+++ Available data +++
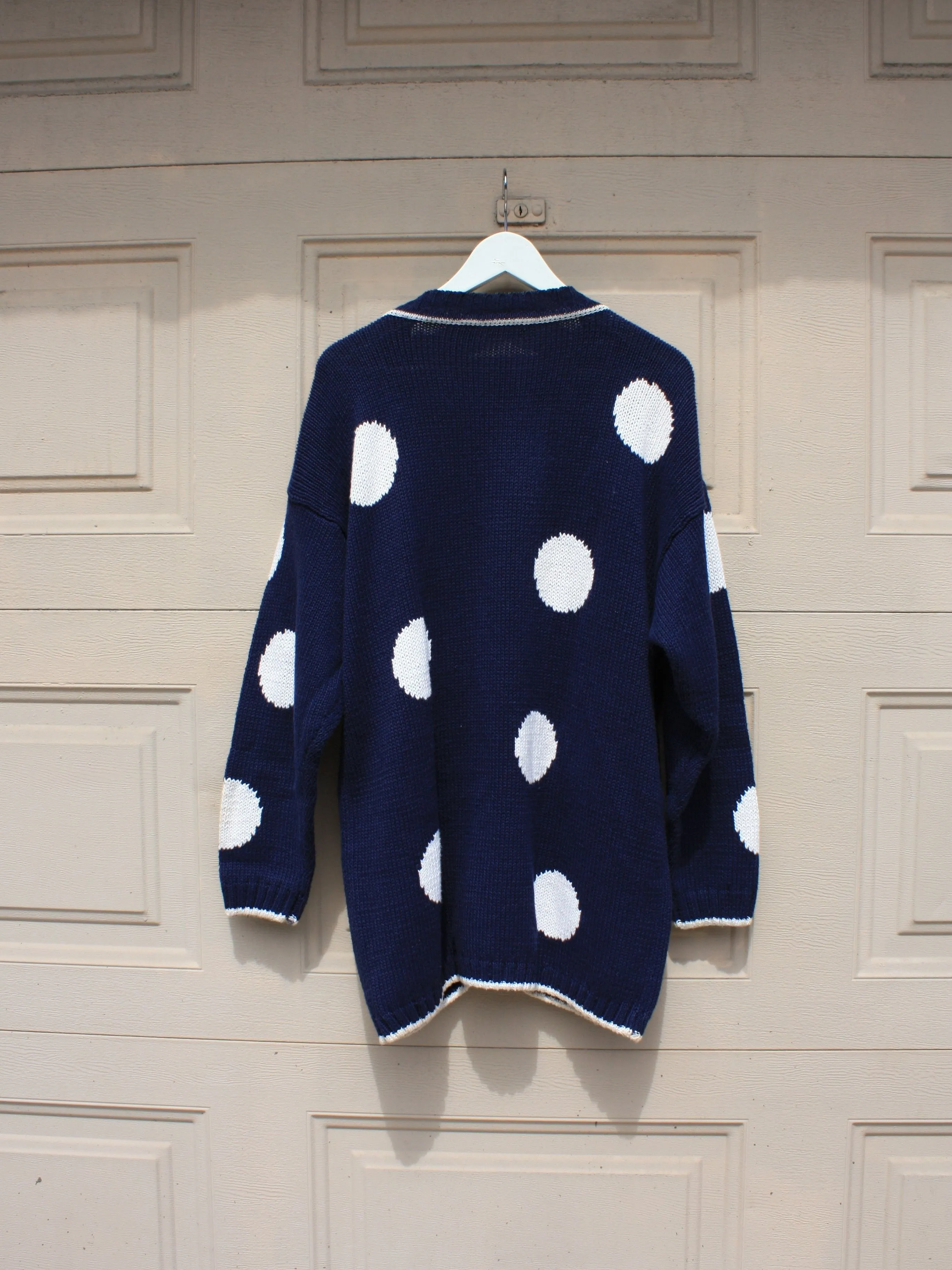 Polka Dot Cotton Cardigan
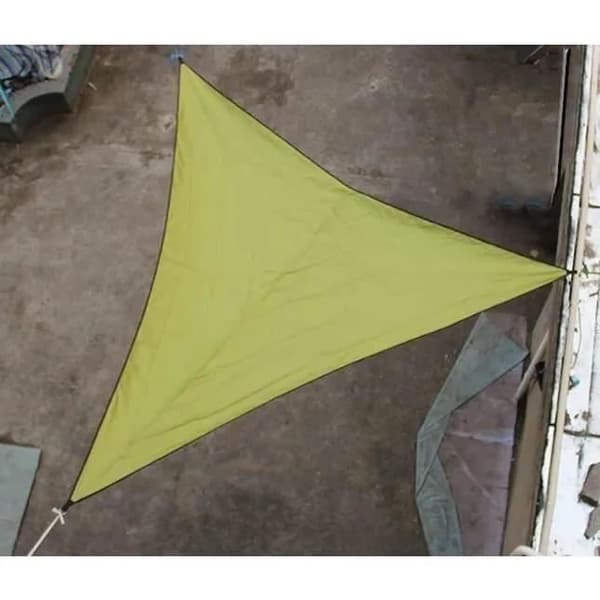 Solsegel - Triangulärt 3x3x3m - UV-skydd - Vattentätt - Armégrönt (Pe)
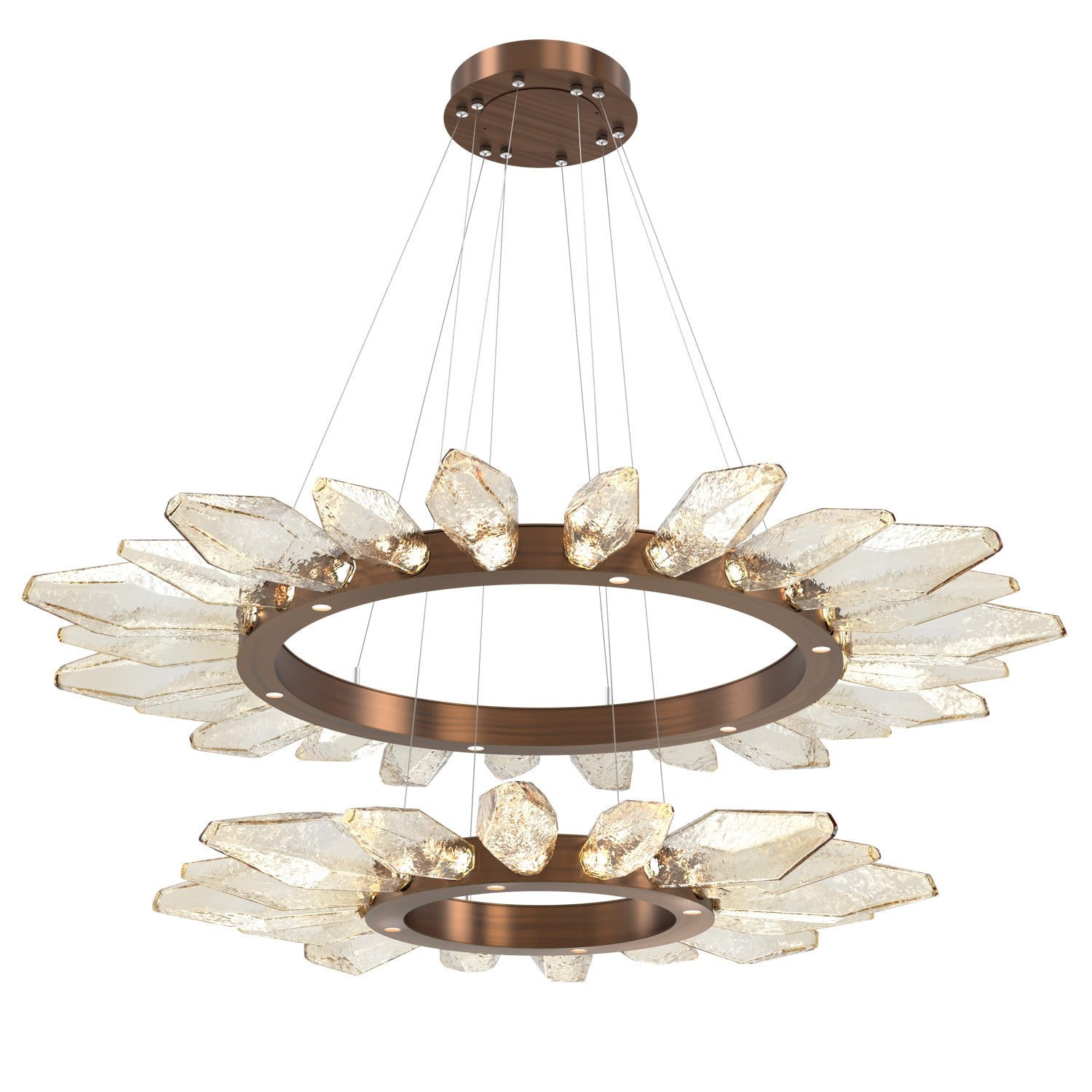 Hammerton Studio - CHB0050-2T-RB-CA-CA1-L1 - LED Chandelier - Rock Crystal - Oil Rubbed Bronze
+++
+++ Available data +++
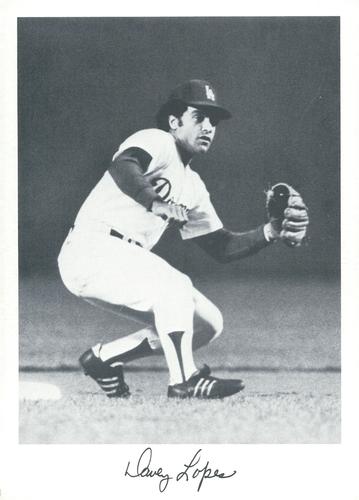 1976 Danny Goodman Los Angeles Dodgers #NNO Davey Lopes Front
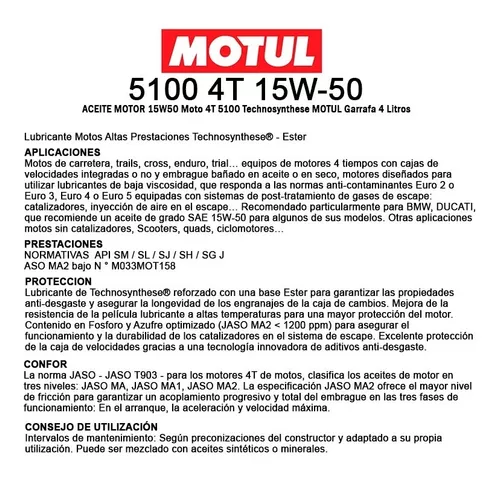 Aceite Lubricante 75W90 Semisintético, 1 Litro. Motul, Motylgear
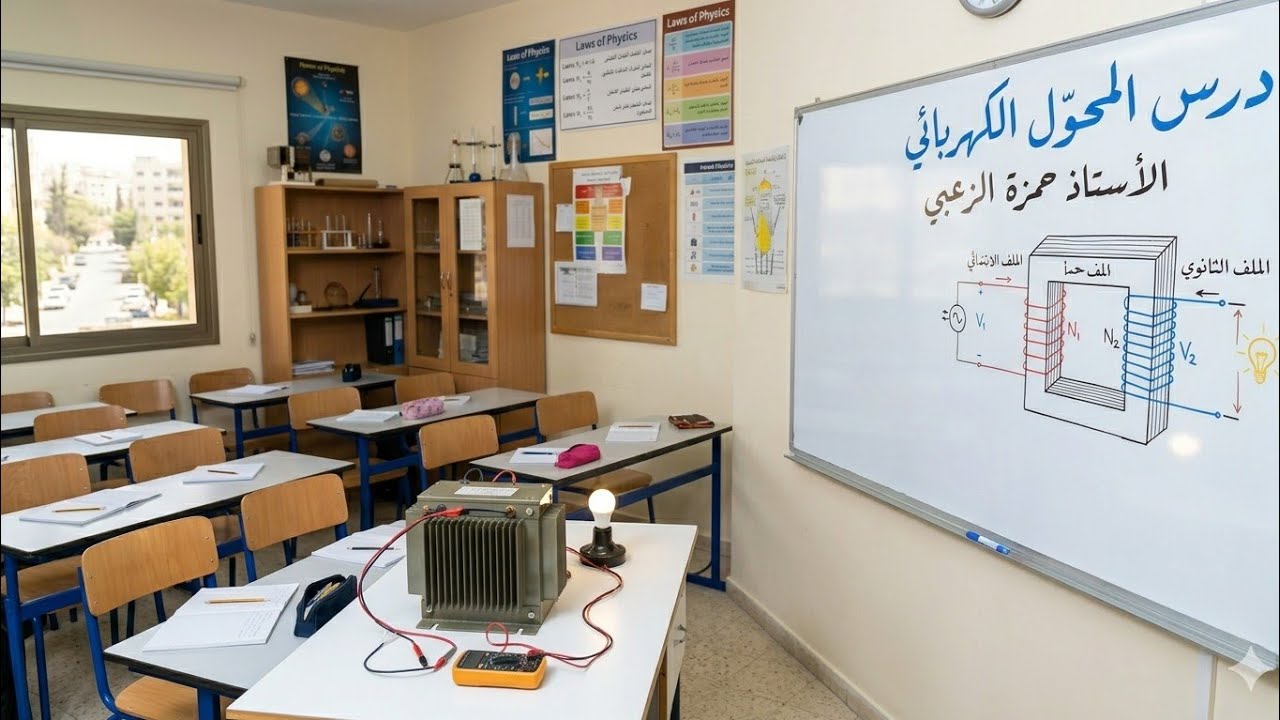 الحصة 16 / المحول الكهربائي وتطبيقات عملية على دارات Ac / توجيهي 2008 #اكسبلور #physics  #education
+++
Aim of the task.
From the material above, output only the span of lines that starts at the one containing "Polka Dot Cotton Cardigan" and finishes at the one containing "Hammerton Studio - CHB0050-2T-RB-CA-CA1-L1", word for word and free of pictures.

Response to this task.
 Polka Dot Cotton Cardigan
 Solsegel - Triangulärt 3x3x3m - UV-skydd - Vattentätt - Armégrönt (Pe)
 Hammerton Studio - CHB0050-2T-RB-CA-CA1-L1 - LED Chandelier - Rock Crystal - Oil Rubbed Bronze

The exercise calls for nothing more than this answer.